Wijmenga and co-workers also demonstrated that isotopically labeled uridine can be incorporated into the central position of the 20 kDa є-RNA of Duck Hepatitis B virus via three fragment RNA ligation (Nelissen et al. 2008). The optimal ligation site was chosen based on the DINAMelt (Markham and Zuker 2005; Markham and Zuker 2008) predicted tendency of the 3′- and 5′-ends of the isolated fragments to remain unstructured prior to ligation. Two protocols were evaluated: a two-step protocol that uses T4 DNA ligase and RNA ligase 1, and a one-pot protocol, that uses T4 RNA ligase 1 only. The one-pot protocol gave somewhat lower yields and more side products. This method allowed direct observation of a specific imino proton in the 20 kD aligated RNA (Nelissen et al. 2008).

Conclusions

Although the field of RNA structural biology has not kept pace with that of proteins, recent advances in nucleic acid molecular biology, coupled with the development of new NMR methodologies, should significantly facilitate future productivity. Computational tools and reagents for the design, synthesis and ligation of RNA fragments are convenient to use and cost-efficient. New approaches for assigning NMR spectra and for determining RNA structure and dynamics that have been developed over the past two decades are capable of providing mechanistic insights that cannot be obtained by other methods. The stage appears to be nearly set for answering some of the major questions in the expanding field of RNA biology.

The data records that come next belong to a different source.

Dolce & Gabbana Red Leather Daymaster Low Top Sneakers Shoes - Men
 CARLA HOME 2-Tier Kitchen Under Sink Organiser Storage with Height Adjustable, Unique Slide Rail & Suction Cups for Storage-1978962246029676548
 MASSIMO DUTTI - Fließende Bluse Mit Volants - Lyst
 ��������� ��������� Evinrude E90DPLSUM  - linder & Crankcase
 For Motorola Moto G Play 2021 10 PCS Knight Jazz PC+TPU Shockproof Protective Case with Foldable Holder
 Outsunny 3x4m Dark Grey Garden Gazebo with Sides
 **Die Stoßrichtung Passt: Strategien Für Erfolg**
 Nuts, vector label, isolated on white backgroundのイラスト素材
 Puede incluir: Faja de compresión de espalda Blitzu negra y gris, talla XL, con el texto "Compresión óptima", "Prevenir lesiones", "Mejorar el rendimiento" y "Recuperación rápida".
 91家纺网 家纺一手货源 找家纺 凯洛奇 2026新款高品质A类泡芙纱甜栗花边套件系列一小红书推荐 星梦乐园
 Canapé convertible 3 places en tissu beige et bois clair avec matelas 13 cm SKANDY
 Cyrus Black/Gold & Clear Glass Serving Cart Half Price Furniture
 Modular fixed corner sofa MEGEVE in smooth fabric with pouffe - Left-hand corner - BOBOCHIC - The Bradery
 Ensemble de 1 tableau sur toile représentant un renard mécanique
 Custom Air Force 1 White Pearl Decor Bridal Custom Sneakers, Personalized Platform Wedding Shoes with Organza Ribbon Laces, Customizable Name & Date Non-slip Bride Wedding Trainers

A significant limitation to studies of larger RNAs by NMR is that the variety of commercially available, isotopically labeled rNTPs is limited, and those that can be purchased are relatively expensive. Aside from reducing the costs, the most immediate need is for pyrimidine rNTPs that are either selectively protonated at C6 and perdeuterated at all (or most) other non-exchangeable C–H sites, or selectively deuterated at C5 and protonated at all (or most) other sites. Such reagents would complement the C8-protonated purine rNTPs that can readily be generated from commercial, perdeuterated rNTPs. A second major need is for commercially available, isotopically labeled ribonucleotide phosophoramidites that could be used to chemically synthesize relatively short RNAs with labels at specific positions. Such fragments could then be enzymatically ligated with larger fragments to allow direct observation of specific nucleotides of interest under native-like (functionally active) conditions.